C. Dialog: Jembatan Menjalin Kasih
Sudahlah, itu semua tidak penting. Biarkan masing-masing pemeluk mengkespresikan hubungan vertical dengan Tuhannya sesuia dengan apa yang diyakininya. Yang paling penting adalah membangun kebersamaan di atas perbedaan itu. Kesadaran untuk membuat ruang bersama yang indah dengan mengambil nilai-nilai cinta kasih antara sesame. Itulah yang paling penting.  Semua agama pasti mempunyai visi membangun kehidupan duniawi yang damai Saya tidak yakin ada agama yang tidak demikian. KArena itu Visi yang sma ini juga harus diterjemahkan menjadi misi bersama.

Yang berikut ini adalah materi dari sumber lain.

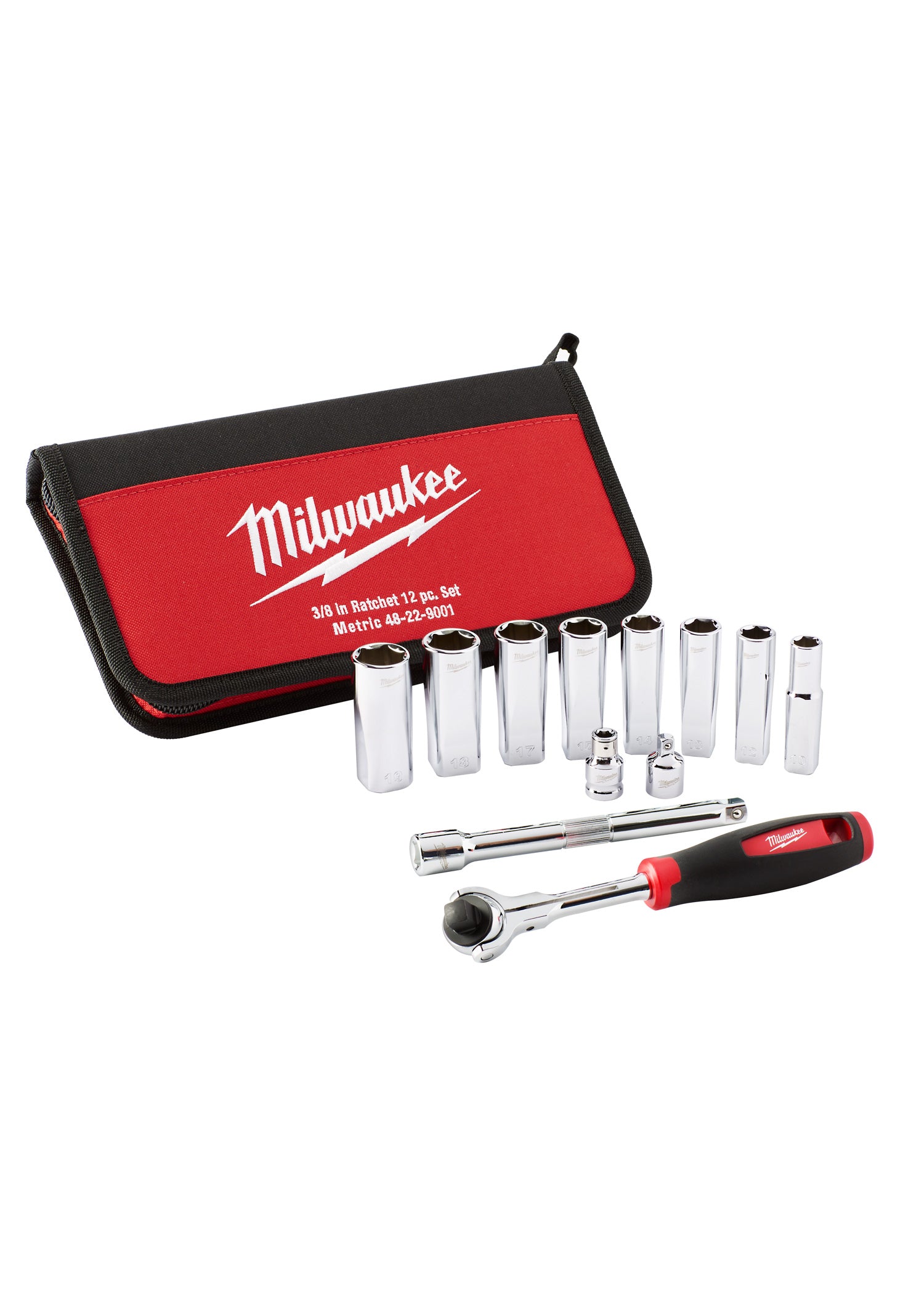 Milwaukee 12-piece metric socket set with red and black carrying case, chrome sockets, and ratchet wrench with red grip handl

 Kata kunci  untuk menjawab pertanyaan itu, saya rasa adalah  kesadaran untuk lebih mengedepankan élan dasar agama yaitu kedamaian dan ketentraman.  Untuk kepentingan ini sangat diperlukan adanya ruang dialog antar umat beragama. Saya pernah mengusulkan di sebuah forum  di Universitas Parahyangan Bandung (bersama dengan Romo Ignatius Bambang Sugiharto)  mengenai apa yang saya sebut sebagai dialog humanistik etik yaitu sebuah pola dialog  untuk membangun ruang bersama yang bernama kemanusiaan dan etika yang saya yakin tidak ada agama apapun yang berbeda. Untuk mengokohkan dialog ini perlu adanya upaya untuk meluluhlantakkan hambatan psikologis yang dikotomis sifatnya yaitu "kawan-lawan", "kami-mereka", "ingroup-outgroup" dan sebaginya. Prasang-prasangka keagamaan yang selama ini membelit cara berpikir para pemeluk agama harus benar-benar dihancurkan. Secara serentak harus membangun kesadaran saling melengkapi. Untuk kepentingan ini beberapa waktu lalu,  penulis pernah menggagas  sebuah pertemuan tokoh lintas agama yang bertajuk "Agama Kebajikan: Agama Universal."  Pertemuan ini diarahkan untuk menemukan ruang bersama untuk bergerak bersama-sama dalam rangka menghilangkan hambatan-hambatan psikologis. Juga, mengadakan kegiatan  live in pemuda antariman sebagai realisasi untuk meniadakan sekat-sekat psikologis itu.

D.  Penutup
Tulisan ini hanya sebuah tawaran saja. Mari kita diskusikan dengan rendah hati  tanpa menghakimi, tanpa perasaan emosional yang meluap-luap sehingga kesadaran kritis kita menjadi terkikis.
Akhirnya hanya Allah Yang Maha Benar  dan Maha Mutlak dan semoga kita dimasukkan ke dalam golongan orang-orang yang berada di bawah naungan kebenaran dan kemutlakan-Nya. Amiin..
Astaghfirullah al-'Adzim. Wallahu a'lamu bi al-Shawab.